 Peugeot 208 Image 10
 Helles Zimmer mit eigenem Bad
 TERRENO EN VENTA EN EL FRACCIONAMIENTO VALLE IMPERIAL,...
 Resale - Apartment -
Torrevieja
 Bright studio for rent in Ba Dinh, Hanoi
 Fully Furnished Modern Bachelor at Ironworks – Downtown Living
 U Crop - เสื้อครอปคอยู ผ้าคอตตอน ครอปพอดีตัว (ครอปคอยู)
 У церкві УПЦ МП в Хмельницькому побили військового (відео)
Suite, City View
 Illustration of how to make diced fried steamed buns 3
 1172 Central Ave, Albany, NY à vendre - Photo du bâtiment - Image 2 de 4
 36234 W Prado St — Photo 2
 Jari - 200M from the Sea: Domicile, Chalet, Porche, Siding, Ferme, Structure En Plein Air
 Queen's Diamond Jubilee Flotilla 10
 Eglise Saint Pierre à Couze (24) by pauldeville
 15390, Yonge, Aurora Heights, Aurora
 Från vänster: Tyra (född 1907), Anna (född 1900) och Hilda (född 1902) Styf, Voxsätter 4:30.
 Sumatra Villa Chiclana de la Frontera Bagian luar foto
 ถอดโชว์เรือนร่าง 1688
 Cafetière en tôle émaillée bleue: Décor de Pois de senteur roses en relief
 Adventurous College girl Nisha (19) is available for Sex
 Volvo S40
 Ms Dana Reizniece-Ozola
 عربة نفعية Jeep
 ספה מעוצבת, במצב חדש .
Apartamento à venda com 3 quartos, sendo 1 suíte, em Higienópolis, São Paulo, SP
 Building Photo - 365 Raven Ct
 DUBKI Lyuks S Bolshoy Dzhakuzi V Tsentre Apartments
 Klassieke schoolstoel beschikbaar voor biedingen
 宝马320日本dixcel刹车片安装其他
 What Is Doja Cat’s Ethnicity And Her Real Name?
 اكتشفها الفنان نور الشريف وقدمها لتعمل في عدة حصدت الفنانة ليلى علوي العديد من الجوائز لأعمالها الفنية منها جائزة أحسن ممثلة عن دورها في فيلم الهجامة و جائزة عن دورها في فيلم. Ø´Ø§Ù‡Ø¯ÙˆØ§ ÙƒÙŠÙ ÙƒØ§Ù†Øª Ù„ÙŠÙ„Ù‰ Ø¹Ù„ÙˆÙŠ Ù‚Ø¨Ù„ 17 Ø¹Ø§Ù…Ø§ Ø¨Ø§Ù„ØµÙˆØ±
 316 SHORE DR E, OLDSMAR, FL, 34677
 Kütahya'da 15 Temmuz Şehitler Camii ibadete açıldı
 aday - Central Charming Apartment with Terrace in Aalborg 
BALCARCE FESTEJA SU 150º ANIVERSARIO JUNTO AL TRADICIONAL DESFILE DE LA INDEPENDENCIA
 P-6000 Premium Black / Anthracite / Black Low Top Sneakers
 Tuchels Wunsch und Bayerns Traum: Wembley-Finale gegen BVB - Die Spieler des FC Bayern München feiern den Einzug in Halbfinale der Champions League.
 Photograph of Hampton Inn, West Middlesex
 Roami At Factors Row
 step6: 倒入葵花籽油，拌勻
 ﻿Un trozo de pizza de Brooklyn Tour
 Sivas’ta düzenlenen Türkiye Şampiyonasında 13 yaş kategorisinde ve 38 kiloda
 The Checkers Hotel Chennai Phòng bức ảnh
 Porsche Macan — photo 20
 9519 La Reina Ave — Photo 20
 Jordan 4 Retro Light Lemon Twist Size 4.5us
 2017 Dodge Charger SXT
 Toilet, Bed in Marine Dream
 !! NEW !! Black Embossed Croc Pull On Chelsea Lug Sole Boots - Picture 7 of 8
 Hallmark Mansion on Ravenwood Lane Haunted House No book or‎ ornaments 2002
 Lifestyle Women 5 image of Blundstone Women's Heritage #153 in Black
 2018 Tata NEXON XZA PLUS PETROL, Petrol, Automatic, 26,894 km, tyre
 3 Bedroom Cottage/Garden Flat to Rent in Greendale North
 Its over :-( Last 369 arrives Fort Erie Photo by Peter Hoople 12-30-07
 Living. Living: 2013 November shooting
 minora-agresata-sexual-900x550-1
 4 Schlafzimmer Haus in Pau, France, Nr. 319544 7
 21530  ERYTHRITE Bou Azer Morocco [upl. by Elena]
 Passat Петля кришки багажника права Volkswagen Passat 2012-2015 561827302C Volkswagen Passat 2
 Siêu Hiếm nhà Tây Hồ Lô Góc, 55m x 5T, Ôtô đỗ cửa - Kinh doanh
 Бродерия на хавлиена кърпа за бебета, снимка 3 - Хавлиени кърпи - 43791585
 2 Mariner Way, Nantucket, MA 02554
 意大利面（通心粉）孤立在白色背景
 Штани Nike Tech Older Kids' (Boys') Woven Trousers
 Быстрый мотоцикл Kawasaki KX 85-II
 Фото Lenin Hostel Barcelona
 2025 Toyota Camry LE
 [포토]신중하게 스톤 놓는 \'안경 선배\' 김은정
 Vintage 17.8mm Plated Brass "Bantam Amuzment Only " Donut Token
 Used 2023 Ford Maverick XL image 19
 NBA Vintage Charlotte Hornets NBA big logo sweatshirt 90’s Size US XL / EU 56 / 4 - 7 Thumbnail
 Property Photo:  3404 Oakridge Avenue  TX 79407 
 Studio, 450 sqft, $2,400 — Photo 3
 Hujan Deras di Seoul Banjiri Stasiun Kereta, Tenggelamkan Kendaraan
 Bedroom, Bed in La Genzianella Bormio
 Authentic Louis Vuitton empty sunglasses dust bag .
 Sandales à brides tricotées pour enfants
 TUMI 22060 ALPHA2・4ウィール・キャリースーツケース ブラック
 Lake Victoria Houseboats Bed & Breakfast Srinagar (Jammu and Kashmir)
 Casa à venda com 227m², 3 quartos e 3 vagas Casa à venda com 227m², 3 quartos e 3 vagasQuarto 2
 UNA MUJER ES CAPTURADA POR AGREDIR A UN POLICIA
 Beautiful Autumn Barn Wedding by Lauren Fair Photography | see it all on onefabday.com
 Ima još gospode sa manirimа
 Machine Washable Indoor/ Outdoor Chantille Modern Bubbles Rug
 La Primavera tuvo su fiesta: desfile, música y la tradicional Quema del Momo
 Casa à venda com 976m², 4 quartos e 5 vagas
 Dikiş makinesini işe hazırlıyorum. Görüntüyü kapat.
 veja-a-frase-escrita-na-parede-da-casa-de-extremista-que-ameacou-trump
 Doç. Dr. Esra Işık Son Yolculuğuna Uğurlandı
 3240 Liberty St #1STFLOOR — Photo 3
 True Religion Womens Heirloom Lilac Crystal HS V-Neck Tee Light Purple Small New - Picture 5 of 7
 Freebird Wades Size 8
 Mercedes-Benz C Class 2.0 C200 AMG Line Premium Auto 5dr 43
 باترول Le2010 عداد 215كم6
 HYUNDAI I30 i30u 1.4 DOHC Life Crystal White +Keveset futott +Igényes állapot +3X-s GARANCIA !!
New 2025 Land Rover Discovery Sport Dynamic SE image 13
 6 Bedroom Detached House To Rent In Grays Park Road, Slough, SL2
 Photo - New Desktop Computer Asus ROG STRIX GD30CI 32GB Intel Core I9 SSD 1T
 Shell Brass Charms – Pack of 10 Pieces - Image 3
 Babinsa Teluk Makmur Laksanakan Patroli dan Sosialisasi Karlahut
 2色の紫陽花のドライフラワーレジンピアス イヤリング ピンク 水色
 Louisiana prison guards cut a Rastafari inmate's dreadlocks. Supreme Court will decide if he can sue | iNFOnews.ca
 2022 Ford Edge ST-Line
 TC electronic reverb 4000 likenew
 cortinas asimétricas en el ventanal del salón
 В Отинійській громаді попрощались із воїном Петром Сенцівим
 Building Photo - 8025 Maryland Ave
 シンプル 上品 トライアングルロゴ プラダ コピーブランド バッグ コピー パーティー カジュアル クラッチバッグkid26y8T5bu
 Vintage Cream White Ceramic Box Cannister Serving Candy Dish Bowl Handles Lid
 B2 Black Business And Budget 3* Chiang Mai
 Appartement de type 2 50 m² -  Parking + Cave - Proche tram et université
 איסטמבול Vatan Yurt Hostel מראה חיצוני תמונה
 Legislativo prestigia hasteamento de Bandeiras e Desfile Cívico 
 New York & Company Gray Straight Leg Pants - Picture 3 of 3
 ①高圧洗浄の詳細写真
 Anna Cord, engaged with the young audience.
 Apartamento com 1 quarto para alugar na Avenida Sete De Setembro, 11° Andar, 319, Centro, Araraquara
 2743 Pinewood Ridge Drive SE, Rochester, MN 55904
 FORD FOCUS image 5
————
Assignment: Report every line of the preceding listing where the string "Premium" occurs.

Exercise response:
 P-6000 Premium Black / Anthracite / Black Low Top Sneakers
 Mercedes-Benz C Class 2.0 C200 AMG Line Premium Auto 5dr 43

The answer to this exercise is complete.